In other tumors, SOX11 is reported to play a role as an oncogene or, in contrast, a tumor suppressor gene, depending on tumor type [26,27] (Figure A1). It can exert an anti-apoptotic effect [26,28] or can block the tumor cell differentiation [26].

Figure A1

The mRNA expression profile across all tumor samples and paired normal tissue generate using Gene Expression Profiling Interactive Analysis project (GEPIA), (A) SOX11, (B) MITF, and (C) SOX10.

Except for MMs, overexpressed SOX11, as an indicator of aggressivity, was reported in mantle cell lymphoma [29,30], basal-like breast cancer [31], solid pseudopapillary neoplasm of the pancreas [17,32], and neuroendocrine tumors of the lung [33]. In these tumors, SOX11 might promote the epithelial-mesenchymal transition (EMT) [26,31,34] via the Wnt/β-catenin pathway [14,26]. Stimulation of angiogenesis, after interaction with pro-angiogenic markers such as platelet-derived growth factor A (PDGFA), was also outlined [26,29].

In MMs, it is still uncertain if β-catenin, as an indicator of the EMT, represses or promotes melanoma invasion [34]. It is also unknown if the EMT is mediated via the Wnt/β-catenin or the Wnt/SOX4 pathway [26].
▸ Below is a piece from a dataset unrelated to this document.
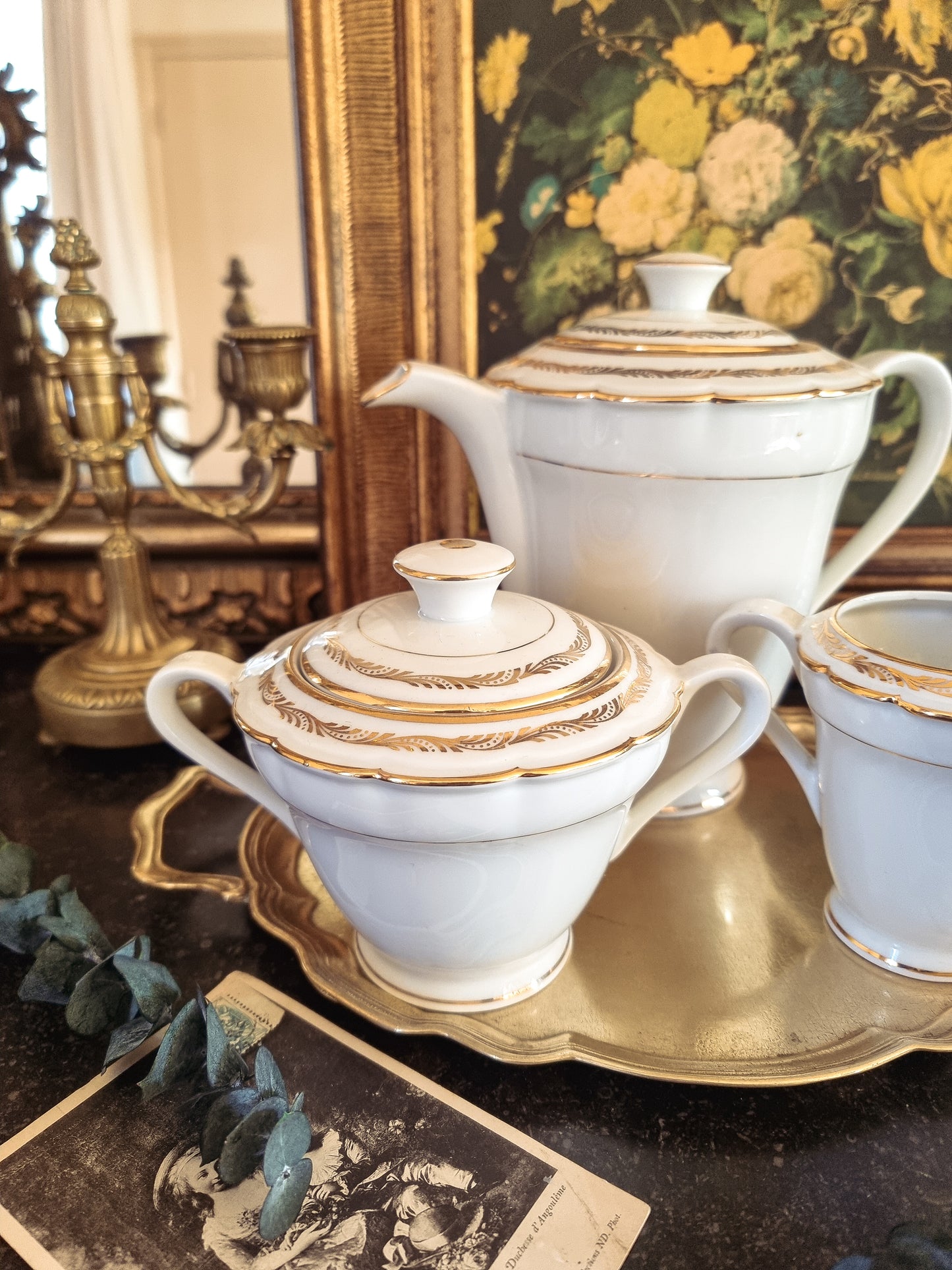 SERVICE À CAFÉ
As Jian et al. showed an association between SOX11 and lymph node metastasis [25] and our results proved its association with the lymphovascular invasion rate, before the occurrence of metastasis, it is tempting to believe that SOX11 can be used for identification of those MMs with high risk of presence of circulating cells before clinical diagnosis of lymph node metastases. Based on this fact, large cohorts need to prove the possible role of SOX11 for identification and targeted therapy of such MMs.
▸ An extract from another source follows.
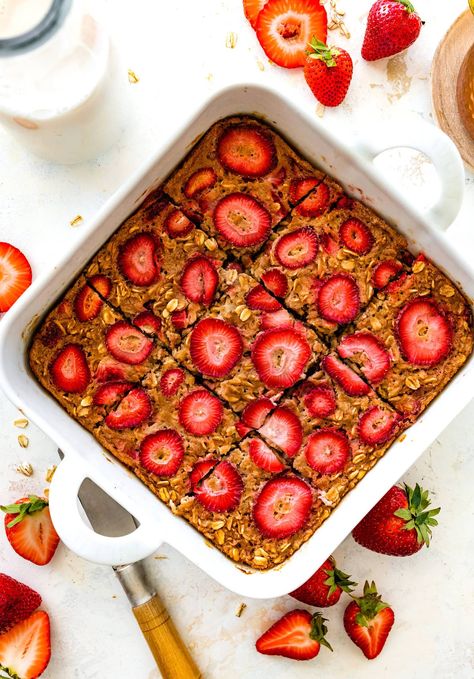 Strawberry Baked Oatmeal Strawberry Baked Oatmeal, Strawberries And Cream Oatmeal, Baked Oatmeal Healthy, Banana Baked Oatmeal, Fresh Strawberry Recipes, Strawberry Breakfast, Cookie Cookbook, Strawberry Oatmeal, Breakfast Ingredients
The limitations of the study consist in the relatively small number of examined cases, no inclusion of metastatic cases, and use of TMA blocks. The TMA sections might affect interpretation of the intratumorally heterogeneity. Large cores, long-term follow-up, and the complex IHC panel compensated these limitations. Contrary to Jian et al., who published the only study regarding the role of SOX11 in MMs, our findings did not outline any relationship between SOX11 expression and histologic type, tumor location, or UV-exposure [25]. This difference between our cohort and those of Jian et al. [25] was probably because most of our patients showed nodular tumors, whilst previously reported data comprised only superficial spreading and lentiginous types of MM.

5. Conclusions

In daily practice, the conventional pan-melanoma cocktail (HMB-45, melan-A, and tyrosinase), along with S100 can be successfully used for the identification of the melanocytic origin of tumor cells. Differentiation from benign naevi and MMs should be done based on a conventional-modified cocktail in which melan-A is replaced by SOX10. SOX11 can be added to identify the aggressive MMs with risk for lymphatic dissemination and the presence of circulating tumor cells. If SOX10/SOX11 double positivity might serve as an indicator of lymphatic invasion, triple SOX11/SOX10/MITF gene interaction might induce genesis of a subtype of MMs which do not express positivity for the conventional pan-melanoma cocktail.